[[ Material for this exercise open ]]

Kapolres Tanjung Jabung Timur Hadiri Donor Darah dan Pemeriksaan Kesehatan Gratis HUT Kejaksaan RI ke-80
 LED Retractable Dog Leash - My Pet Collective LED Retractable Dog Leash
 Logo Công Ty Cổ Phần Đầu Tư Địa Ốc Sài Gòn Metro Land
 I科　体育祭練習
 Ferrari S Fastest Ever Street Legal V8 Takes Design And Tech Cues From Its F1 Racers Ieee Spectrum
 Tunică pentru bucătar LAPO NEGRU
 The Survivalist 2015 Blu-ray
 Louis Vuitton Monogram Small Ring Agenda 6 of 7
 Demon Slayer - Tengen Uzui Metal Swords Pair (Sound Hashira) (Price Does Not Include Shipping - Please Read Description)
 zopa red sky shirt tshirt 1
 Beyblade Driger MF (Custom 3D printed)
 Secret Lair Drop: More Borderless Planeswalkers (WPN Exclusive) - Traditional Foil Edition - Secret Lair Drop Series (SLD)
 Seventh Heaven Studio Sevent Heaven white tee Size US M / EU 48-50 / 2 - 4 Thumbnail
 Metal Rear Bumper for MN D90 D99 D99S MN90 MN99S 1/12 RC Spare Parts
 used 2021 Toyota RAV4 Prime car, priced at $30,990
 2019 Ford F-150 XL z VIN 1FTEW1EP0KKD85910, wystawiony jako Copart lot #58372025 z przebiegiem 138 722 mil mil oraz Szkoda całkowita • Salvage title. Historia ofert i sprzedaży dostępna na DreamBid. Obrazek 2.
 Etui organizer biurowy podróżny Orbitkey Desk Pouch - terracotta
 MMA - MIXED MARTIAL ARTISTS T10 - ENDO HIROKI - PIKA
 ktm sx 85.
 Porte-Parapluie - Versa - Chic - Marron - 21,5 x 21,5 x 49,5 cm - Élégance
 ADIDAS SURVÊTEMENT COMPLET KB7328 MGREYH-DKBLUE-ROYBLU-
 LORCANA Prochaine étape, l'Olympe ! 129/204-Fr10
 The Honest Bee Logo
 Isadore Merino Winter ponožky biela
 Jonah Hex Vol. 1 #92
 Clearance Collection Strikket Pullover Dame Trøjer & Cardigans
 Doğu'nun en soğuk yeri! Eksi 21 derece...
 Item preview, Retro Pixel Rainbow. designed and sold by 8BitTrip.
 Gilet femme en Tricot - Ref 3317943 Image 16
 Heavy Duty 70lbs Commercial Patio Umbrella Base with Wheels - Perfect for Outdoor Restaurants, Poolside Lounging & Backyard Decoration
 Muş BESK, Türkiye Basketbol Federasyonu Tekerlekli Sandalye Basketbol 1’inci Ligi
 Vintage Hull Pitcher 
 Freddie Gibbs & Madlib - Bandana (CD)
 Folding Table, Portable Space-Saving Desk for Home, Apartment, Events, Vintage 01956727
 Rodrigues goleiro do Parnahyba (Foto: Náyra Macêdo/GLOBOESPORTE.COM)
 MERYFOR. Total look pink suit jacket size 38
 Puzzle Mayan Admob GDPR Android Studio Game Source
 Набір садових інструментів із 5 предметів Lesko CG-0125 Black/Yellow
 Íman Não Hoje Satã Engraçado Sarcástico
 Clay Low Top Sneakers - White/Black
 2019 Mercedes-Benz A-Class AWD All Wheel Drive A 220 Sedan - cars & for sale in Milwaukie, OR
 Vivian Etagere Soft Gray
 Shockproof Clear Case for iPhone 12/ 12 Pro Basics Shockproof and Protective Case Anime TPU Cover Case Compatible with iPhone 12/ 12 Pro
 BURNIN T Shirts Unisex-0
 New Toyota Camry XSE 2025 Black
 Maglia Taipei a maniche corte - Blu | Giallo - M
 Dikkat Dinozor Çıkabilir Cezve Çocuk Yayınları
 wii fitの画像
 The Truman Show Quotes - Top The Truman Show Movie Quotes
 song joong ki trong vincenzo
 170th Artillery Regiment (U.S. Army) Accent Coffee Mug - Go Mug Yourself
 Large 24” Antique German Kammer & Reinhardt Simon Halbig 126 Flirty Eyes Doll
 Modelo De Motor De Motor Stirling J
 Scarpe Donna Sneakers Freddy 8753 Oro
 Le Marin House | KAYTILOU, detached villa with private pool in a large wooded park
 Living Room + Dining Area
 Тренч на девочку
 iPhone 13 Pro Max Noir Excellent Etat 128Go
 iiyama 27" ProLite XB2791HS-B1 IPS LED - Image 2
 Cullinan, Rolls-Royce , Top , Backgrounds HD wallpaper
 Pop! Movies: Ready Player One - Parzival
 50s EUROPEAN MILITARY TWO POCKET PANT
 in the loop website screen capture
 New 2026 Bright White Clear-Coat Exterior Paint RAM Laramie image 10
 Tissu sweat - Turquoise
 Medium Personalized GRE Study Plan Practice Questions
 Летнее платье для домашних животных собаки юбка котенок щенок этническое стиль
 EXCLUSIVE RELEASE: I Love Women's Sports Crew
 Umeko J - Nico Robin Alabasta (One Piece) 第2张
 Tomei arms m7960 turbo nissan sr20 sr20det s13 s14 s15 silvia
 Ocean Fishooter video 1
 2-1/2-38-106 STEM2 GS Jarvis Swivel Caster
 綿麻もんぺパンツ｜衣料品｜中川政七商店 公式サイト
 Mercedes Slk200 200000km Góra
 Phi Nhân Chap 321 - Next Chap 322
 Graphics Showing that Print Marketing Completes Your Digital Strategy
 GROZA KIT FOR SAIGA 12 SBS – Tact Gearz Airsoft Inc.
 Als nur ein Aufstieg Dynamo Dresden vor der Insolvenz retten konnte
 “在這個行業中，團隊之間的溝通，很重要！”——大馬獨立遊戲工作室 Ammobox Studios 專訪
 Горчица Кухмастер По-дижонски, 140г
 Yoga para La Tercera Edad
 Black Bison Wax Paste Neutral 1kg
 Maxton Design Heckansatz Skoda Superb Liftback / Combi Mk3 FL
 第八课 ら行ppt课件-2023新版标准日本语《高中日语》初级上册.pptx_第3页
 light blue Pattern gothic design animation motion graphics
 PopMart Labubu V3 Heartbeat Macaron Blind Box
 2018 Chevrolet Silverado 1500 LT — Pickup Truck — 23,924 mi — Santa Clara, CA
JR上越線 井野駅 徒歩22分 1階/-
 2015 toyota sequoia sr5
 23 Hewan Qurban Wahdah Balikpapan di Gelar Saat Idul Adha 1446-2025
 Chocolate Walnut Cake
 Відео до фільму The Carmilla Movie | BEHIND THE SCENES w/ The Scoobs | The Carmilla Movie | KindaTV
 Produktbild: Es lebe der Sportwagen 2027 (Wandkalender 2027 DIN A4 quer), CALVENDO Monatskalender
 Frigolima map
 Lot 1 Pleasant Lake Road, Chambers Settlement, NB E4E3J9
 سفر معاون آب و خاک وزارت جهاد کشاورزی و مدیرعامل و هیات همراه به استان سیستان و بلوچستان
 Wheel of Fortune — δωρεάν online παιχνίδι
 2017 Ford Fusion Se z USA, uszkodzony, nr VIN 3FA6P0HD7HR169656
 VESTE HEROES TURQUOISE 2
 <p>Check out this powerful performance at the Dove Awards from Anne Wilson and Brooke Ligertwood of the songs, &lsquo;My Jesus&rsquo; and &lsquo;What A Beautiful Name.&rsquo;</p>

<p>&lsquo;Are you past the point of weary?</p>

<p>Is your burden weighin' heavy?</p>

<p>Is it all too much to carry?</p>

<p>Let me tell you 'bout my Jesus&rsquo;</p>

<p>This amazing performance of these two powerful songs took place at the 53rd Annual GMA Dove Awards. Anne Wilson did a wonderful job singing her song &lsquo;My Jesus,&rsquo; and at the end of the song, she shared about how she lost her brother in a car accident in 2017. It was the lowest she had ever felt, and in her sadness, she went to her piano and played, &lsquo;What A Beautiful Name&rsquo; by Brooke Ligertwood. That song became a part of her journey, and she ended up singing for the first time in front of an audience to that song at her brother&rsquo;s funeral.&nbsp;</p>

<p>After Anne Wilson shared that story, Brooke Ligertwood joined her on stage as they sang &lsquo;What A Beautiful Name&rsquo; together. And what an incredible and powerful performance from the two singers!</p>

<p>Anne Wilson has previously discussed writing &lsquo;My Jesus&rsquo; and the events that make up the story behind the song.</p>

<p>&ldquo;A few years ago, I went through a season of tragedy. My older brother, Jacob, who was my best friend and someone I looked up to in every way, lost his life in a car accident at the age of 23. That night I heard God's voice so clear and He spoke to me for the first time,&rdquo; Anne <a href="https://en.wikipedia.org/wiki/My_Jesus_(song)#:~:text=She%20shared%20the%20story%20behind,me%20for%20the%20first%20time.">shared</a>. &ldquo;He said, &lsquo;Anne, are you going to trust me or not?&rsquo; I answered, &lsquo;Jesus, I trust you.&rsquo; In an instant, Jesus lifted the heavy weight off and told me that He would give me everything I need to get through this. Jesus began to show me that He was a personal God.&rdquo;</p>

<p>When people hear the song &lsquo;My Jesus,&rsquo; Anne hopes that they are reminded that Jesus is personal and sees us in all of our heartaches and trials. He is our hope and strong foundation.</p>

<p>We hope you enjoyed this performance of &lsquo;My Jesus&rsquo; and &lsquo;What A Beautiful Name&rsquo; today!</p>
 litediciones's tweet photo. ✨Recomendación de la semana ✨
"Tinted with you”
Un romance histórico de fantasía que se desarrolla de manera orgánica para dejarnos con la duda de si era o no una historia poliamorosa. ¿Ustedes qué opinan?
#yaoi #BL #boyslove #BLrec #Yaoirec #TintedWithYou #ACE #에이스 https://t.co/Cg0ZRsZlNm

[[ Material for this exercise closed ]]

* Problem to solve
Would you please copy exactly the part of the entries above that begins at the line containing "Tissu sweat - Turquoise" and ends at the line containing "Mercedes Slk200 200000km Góra", both lines included?

* Solution
 Tissu sweat - Turquoise
 Medium Personalized GRE Study Plan Practice Questions
 Летнее платье для домашних животных собаки юбка котенок щенок этническое стиль
 EXCLUSIVE RELEASE: I Love Women's Sports Crew
 Umeko J - Nico Robin Alabasta (One Piece) 第2张
 Tomei arms m7960 turbo nissan sr20 sr20det s13 s14 s15 silvia
 Ocean Fishooter video 1
 2-1/2-38-106 STEM2 GS Jarvis Swivel Caster
 綿麻もんぺパンツ｜衣料品｜中川政七商店 公式サイト
 Mercedes Slk200 200000km Góra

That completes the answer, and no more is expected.